Sunday, September 22, 2024

Libya's El Feel, Wafa Oilfields Working Normally

Posted by March 12, 2015

Libya's El Feel and Wafa oilfields are working normally despite power problems, state-run National Oil Corp (NOC) said on Thursday, as crude production in the west of the OPEC member country made a surprise comeback.

Fields in western Libya such as El Feel and El Sharara shut in November when gunmen attacked the latter, in a continuation of the turmoil gripping the North African nation four years after the ousting of leader Muammar Gaddafi.

NOC spokesman Mohamed El Harari said El Feel and Wafa had been working "for some time". NOC had previously said El Feel, operated by a joint venture owned by NOC and Italy's Eni , had been closed due to a pipeline blockage and power problems.

"Wafa and El Feel are working normally despite some stoppages due to power cuts," he said, declining to give a production figure.

An industry source said El Feel was pumping between 75,000 and 80,000 barrels per day (bpd) of crude, while Wafa was producing up to 30,000 bpd of oil condensates. Wafa also produces gas for local use and export to Italy.

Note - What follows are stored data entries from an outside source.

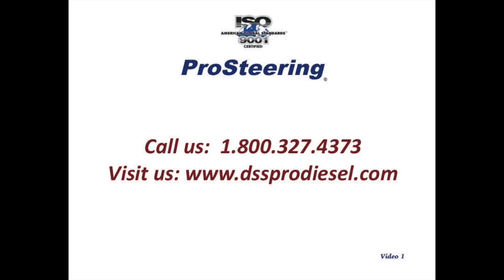We hope that you found this video useful and that it will help you provide a better level of service to your customers. We appreciate your business and you can always give us a call at 1-800-327-4373 or visit us on our website at www.dssprodiesel.com. Thank you.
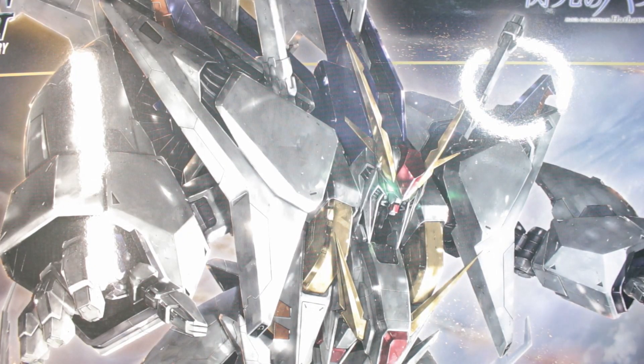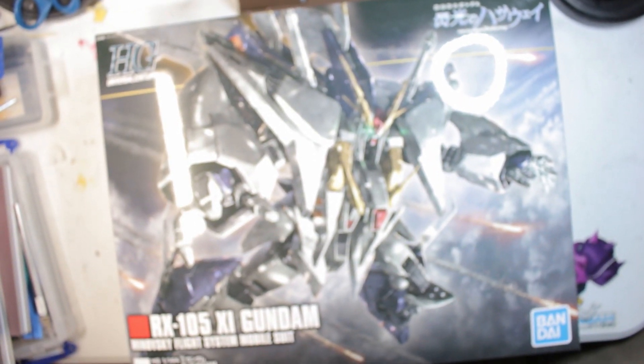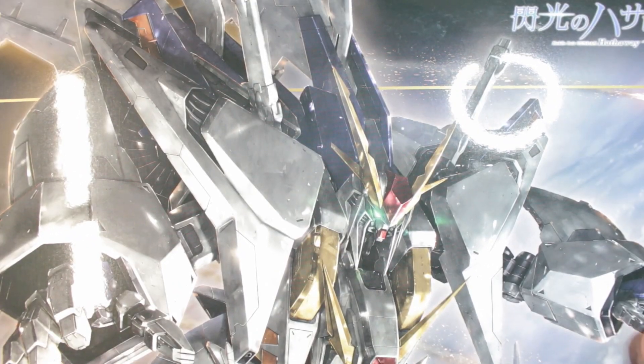What's going on everybody, Plamo Therapist here, and today I'm finally excited to bring you my HG Xi build. It's been a long time coming and I ran a little bit over time, but I'm so excited by how it came out. So without further ado, let's get into this build.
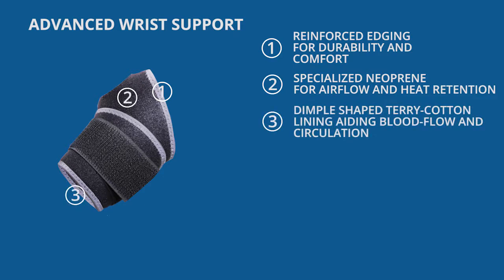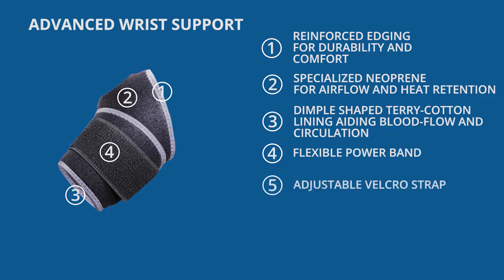An inner dimple shaped terry cotton lining to aid blood flow and increase circulation. A flexible power band for circular uniform compression, and an adjustable velcro strap to ensure palmer and dorsal applications.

El Sharara, part of a joint venture between NOC and Spain's Repsol, remained closed, Harari said. El Sharara and El Feel use the same power supply, which had broken down after the November attack.

Wafa and El Feel normally feed the port of Mellitah, near the Tunisian border. The port has been closed because of fighting between rival factions allied to Libya's two competing governments.

Three Aframax tankers, each capable of carrying around 700,000 barrels of oil, have left Mellitah since March 3, ship-tracking data showed.

Tankers in the past two weeks have been loading at the eastern ports of Zueitina and Hariga, which are controlled by forces loyal to the internationally recognised government.

The rival government in Tripoli has control of western ports through armed factions aligned with it.

The oil industry is in the middle of a power struggle as both governments have appointed officials to head the sector.

Tripoli-based NOC said unknown traders had offered to sell Libyan crude outside legal channels. "National Oil Corp has learned from trusted oil market sources that some unknown brokers offered volumes of Libyan crude," a statement said.

It warned it would take legal action against any attempt to sell Libyan oil outside official NOC channels. No more information was immediately available.

NOC has not published a national production figure, which oil insiders put at about 400,000 bpd, a fraction of the 1.6 million bpd peak Libya pumped before the 2011 uprising.